Only one of those mowed down souls was the husband of Sam's fling. Bernadette (Rosemarie DeWitt) seems less affected by her spouse's death than she should. However, she hadn’t slept with her husband in five years; instead, she’s been spending most of her nights trying to get Sam to trim his lustrous head of hair as the melancholy proprietor makes sure the pictures of his long gone wife and daughter sit face down on the nightstand. Bernadette can't even cry over the murdered man's grave, as their arrangement of convenience held little emotional attachment for her, instead acting as a financial parachute that ensured she'd never go without. Unfortunately, when it turns out Lila's deceased lesser half saddled her with a mountain of debt instead of the life insurance money she expected, Elwood comes calling for whatever source of income she can point him toward.

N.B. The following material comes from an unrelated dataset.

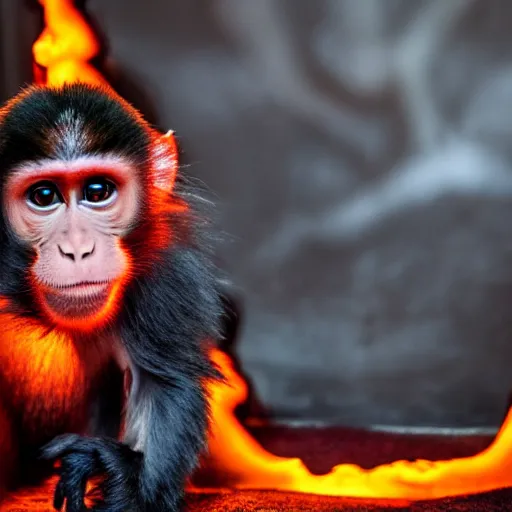 Prompt: a monkey with glowing lava fur running around a room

You can probably guess how this all ends up, as there aren't many unpredictable twists or turns in the China Brothers' still carefully constructed script. Nevertheless, the joys mined from Sweet Virginia come from Dagg's sturdy competence behind the camera, as he lays out one doom-laden, impeccably framed shot after another, Jessica Lee Gagné's damp, shadowy cinematography painting every scene as tableaus of inescapable portent. At their center is Sam, trying desperately to make sense of his own emotions, comforting Bernadette while playing father to Maggie (Odessa Young), the star high school point guard who works behind the motel's counter and loves seeing her boss in the stands at her games. While neither Dagg nor the China Brothers spell it out completely, this former rodeo champ was broken by more than the bulls, and has yet to find a way to pick up the pieces all these years later. Bernthal sells that devastation completely, using those deep, dark eyes and crushed nose to convey a life lived hard.
Even though Bernthal is teriffic in Sweet Virginia, the real star is Abbott, who feels like he's toying with an origin story iteration of the Coens' Anton Chigurh (from their fatalistic '07 masterpiece, No Country For Old Men). This story begins and ends (both literally and figuratively) with Elwood, and Abbott brings an unwavering sense of menace to every moment he's on screen. Where Sam is a man flailing to regain the feeling he lost in his hands, Elwood seems perfectly fine never enjoying any sensation beyond the thrill of the hunt ever again. Abbott injects a playful, dead-eyed stare into the hired gun, who we never really learn much about and, frankly, probably wouldn't ever want to know. He is near elemental death, breezing in, taking care of business, and then exiting like a ghost. In essence, Abbott's the perfect thematic flipside to Bernthal's brooding coin, as we watch two men collide out of pure circumstance, with one rediscovering his capacity for purpose by shielding all he loves from the wrath of the other.